(Stored records)
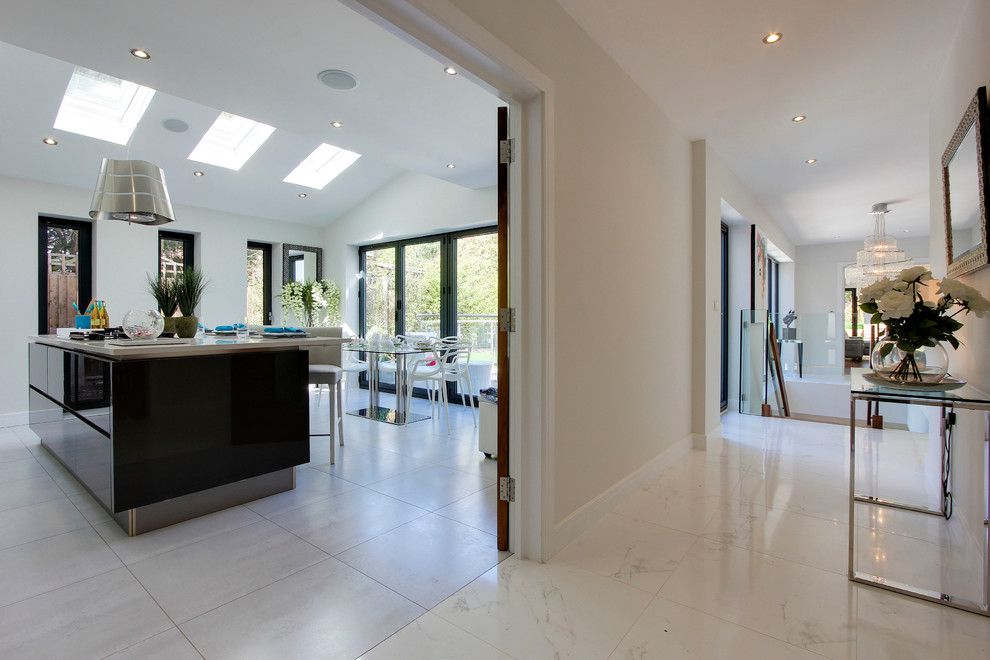 Photo of a contemporary home in Hertfordshire.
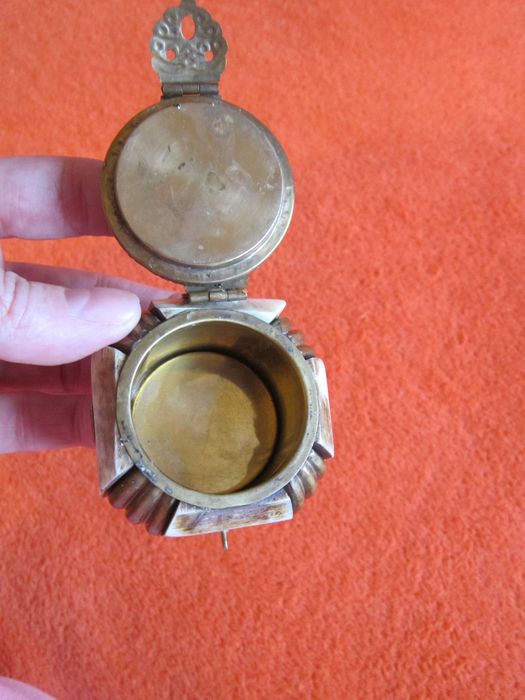 cadou rar caseta,cutie bijuterii superba vintage Os alama Egipt 1960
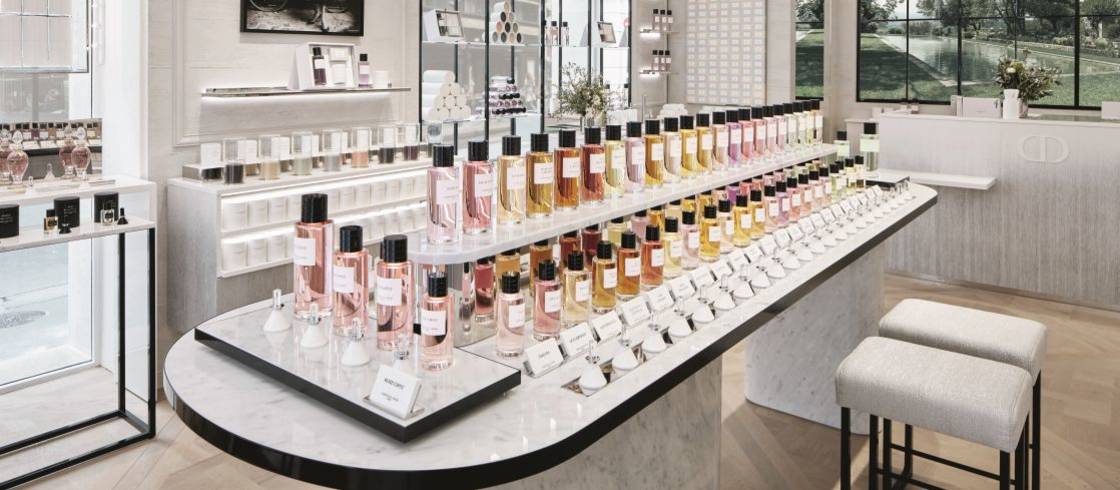 driehoek Wissen scheidsrechter Behind the Maison Christian Dior, a collection of fragrances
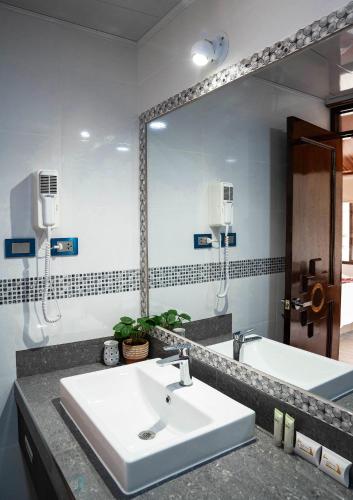 a bathroom with a sink and a large mirror at Hotel Tierra Inka Sacred Valley in Ollantaytambo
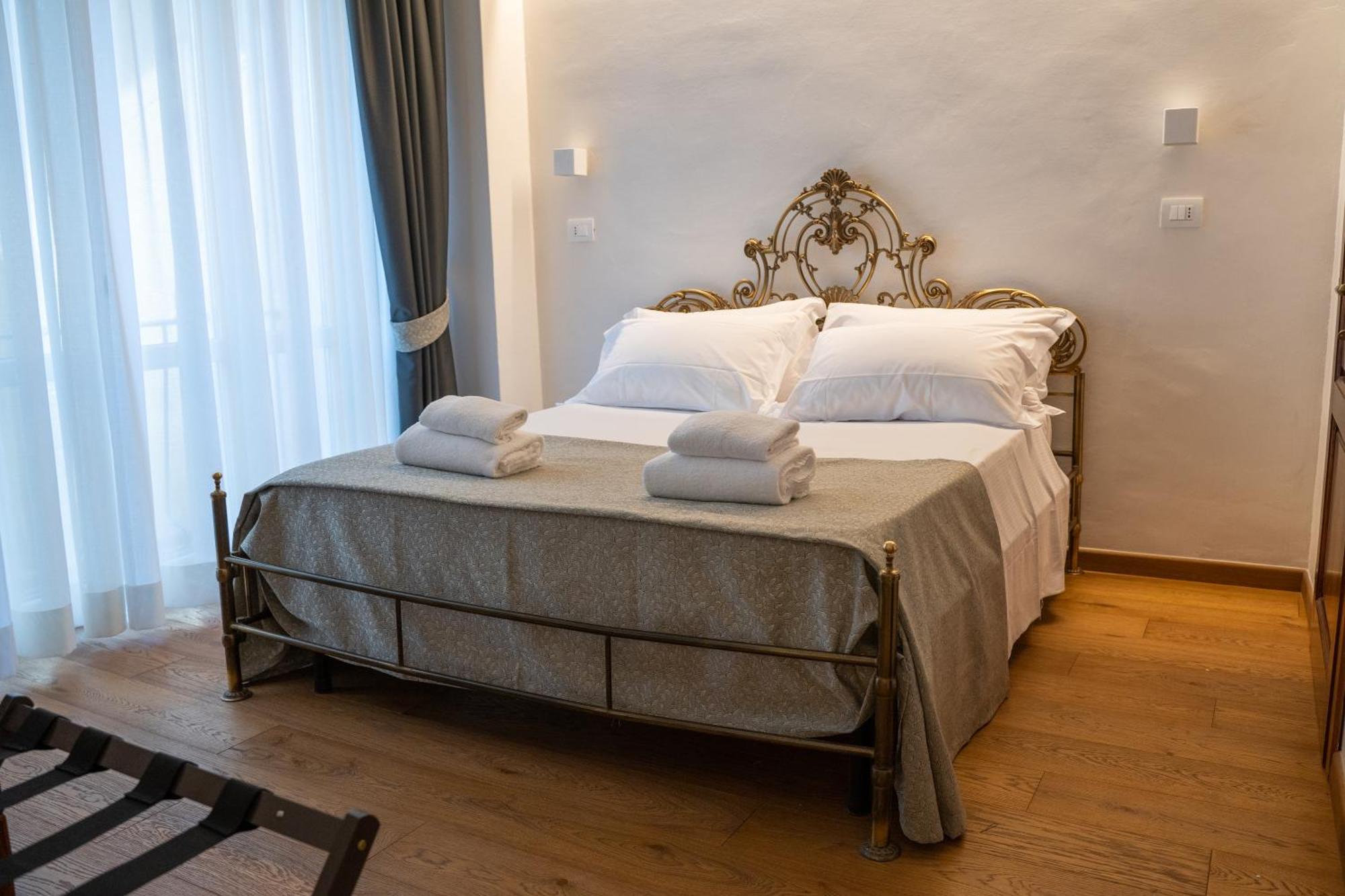 Bed and Breakfast Residenza Degli Speziali Florencia Exterior foto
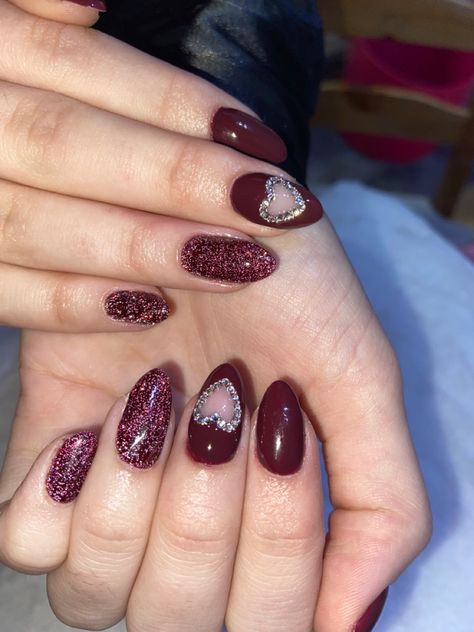 Burgundy Nails Aesthetic, Nailart Maroon, Hoco Nails, Aesthetic Heart, Maroon Nails, Formal Nails, Nails Aesthetic, Burgundy Nails, Senior Prom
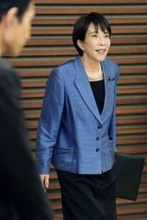 首相、総裁選の慰労会出席　自民古屋氏ら支援議員と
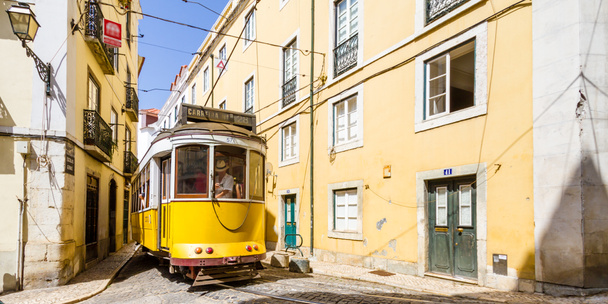 Eléctrico (Eletrico) em Lisboa, Portugal
 - Foto, Imagem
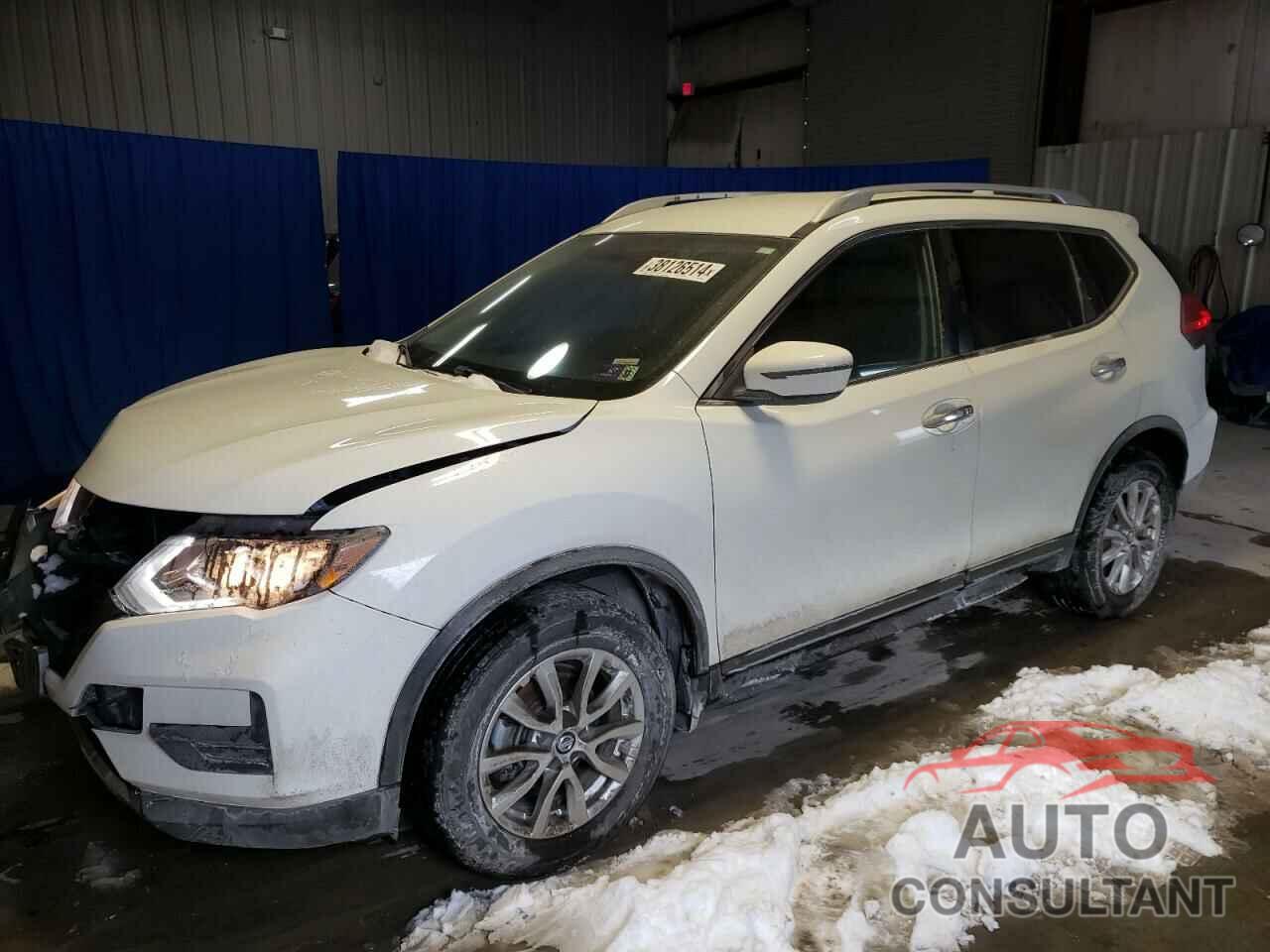 NISSAN ROGUE 2017 - KNMAT2MV9HP556596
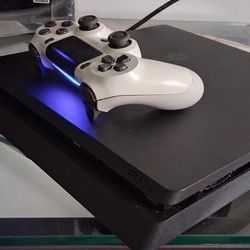 Sony PLAYSTATION 4
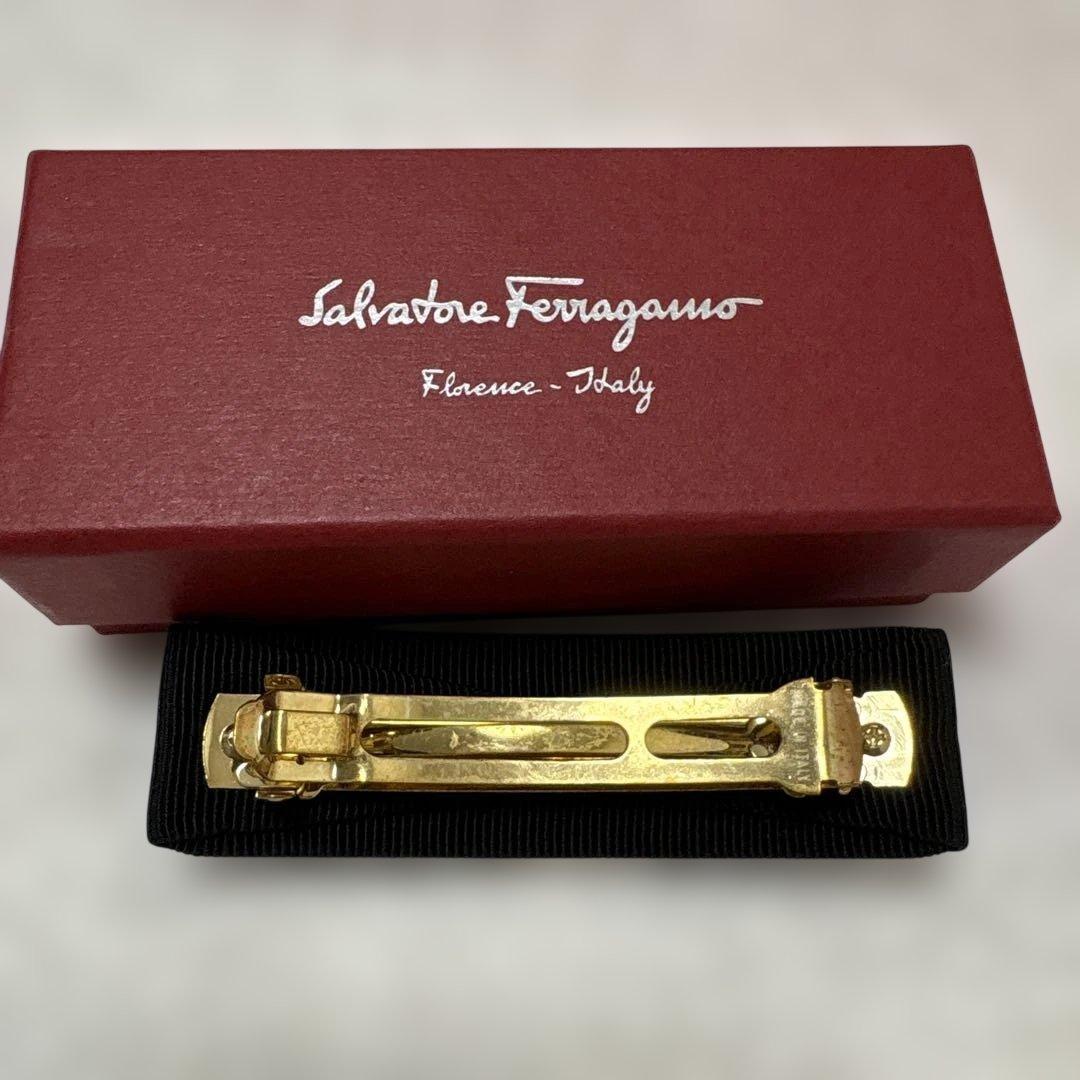 Salvatore Ferragamo バレッタ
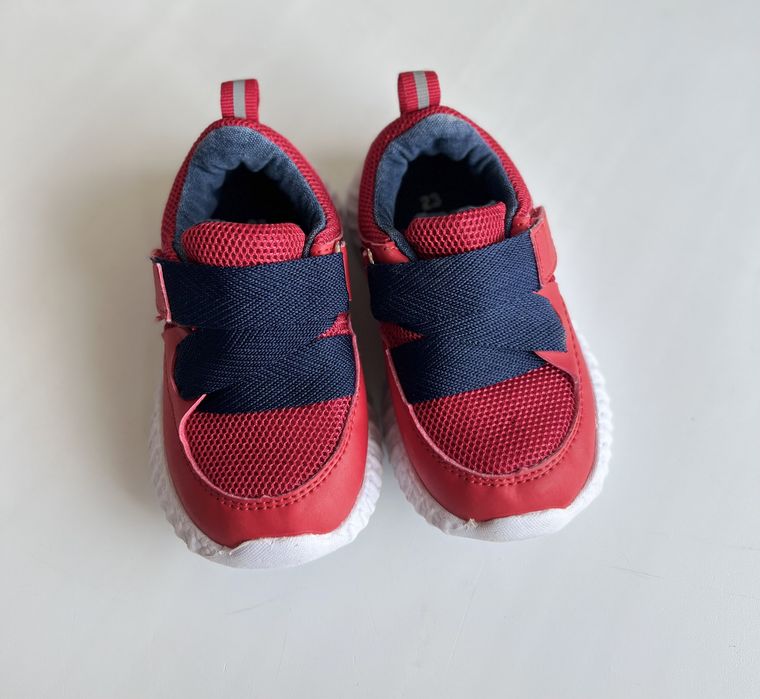 Кроссовки 23р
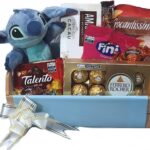 Cesta Presente Stitch com Pelúcia e Chocolates Ferrero Rocher, pronta para presentear com carinho.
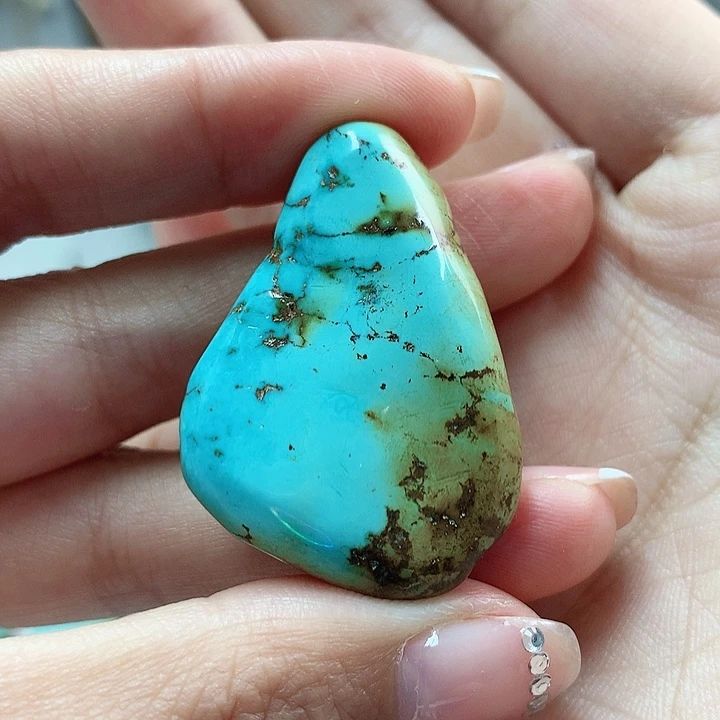 未镶嵌绿松石珠宝奇石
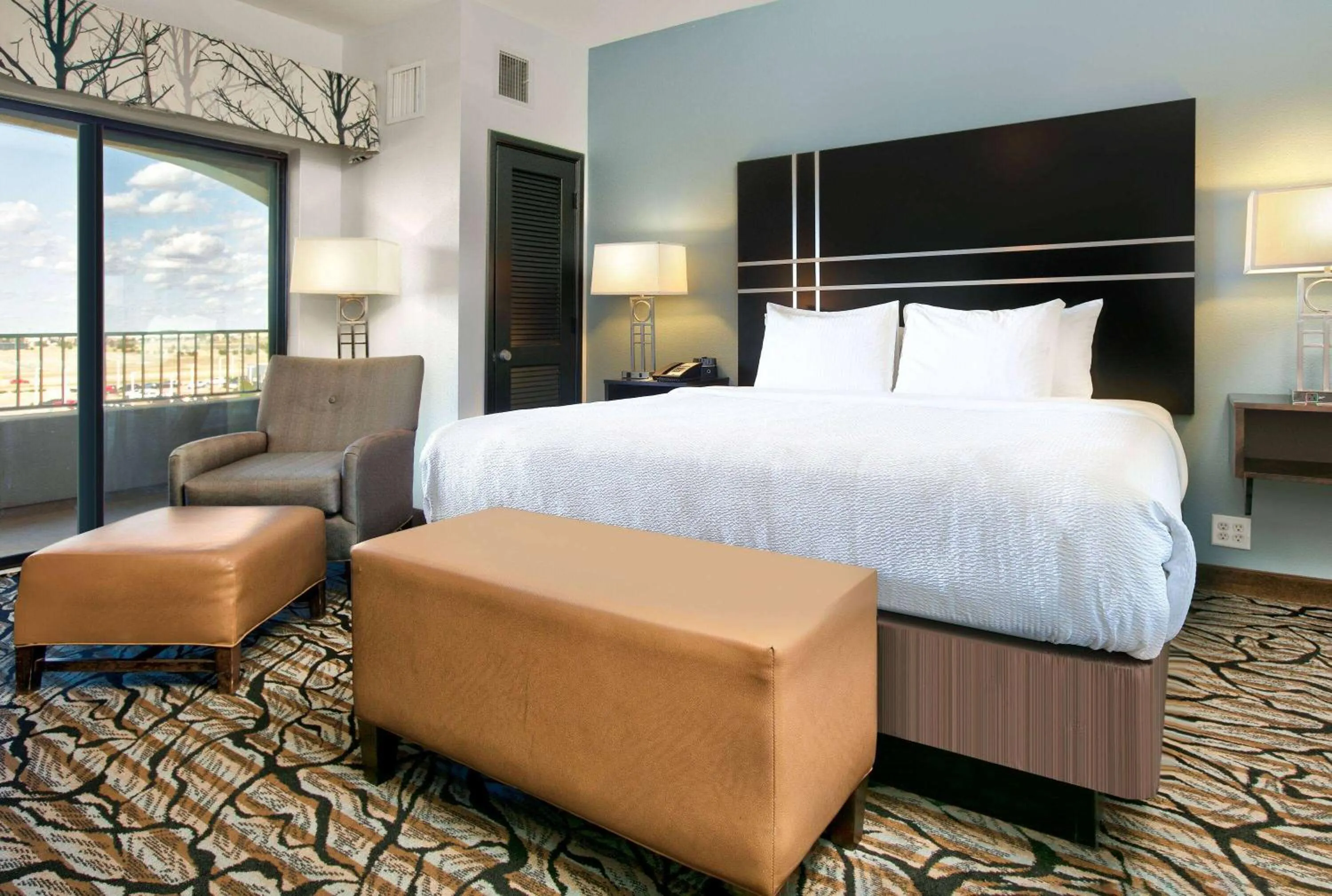 Photo of the whole room, Bed in La Quinta Inn & Suites by Wyndham Lubbock Southwest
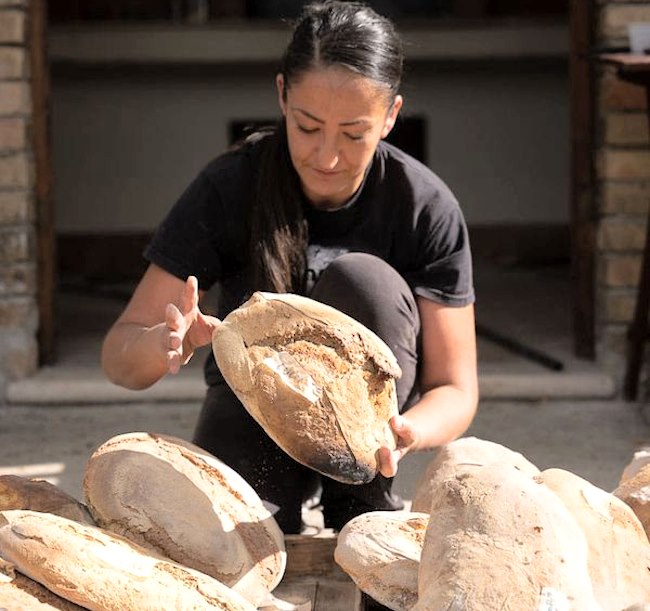 Lucia Tellone ospite di "Uno mattina in Famiglia" su Rai 1 per raccontare la storia del Forno di Villa San Sebastiano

▶ Task
Write all the lines above out again exactly, minus the images.

▶ Answer for this exercise
 Photo of a contemporary home in Hertfordshire.
 cadou rar caseta,cutie bijuterii superba vintage Os alama Egipt 1960
 driehoek Wissen scheidsrechter Behind the Maison Christian Dior, a collection of fragrances
 a bathroom with a sink and a large mirror at Hotel Tierra Inka Sacred Valley in Ollantaytambo
 Bed and Breakfast Residenza Degli Speziali Florencia Exterior foto
 Burgundy Nails Aesthetic, Nailart Maroon, Hoco Nails, Aesthetic Heart, Maroon Nails, Formal Nails, Nails Aesthetic, Burgundy Nails, Senior Prom
 首相、総裁選の慰労会出席　自民古屋氏ら支援議員と
 Eléctrico (Eletrico) em Lisboa, Portugal
 - Foto, Imagem
 NISSAN ROGUE 2017 - KNMAT2MV9HP556596
 Sony PLAYSTATION 4
 Salvatore Ferragamo バレッタ
 Кроссовки 23р
 Cesta Presente Stitch com Pelúcia e Chocolates Ferrero Rocher, pronta para presentear com carinho.
 未镶嵌绿松石珠宝奇石
 Photo of the whole room, Bed in La Quinta Inn & Suites by Wyndham Lubbock Southwest
 Lucia Tellone ospite di "Uno mattina in Famiglia" su Rai 1 per raccontare la storia del Forno di Villa San Sebastiano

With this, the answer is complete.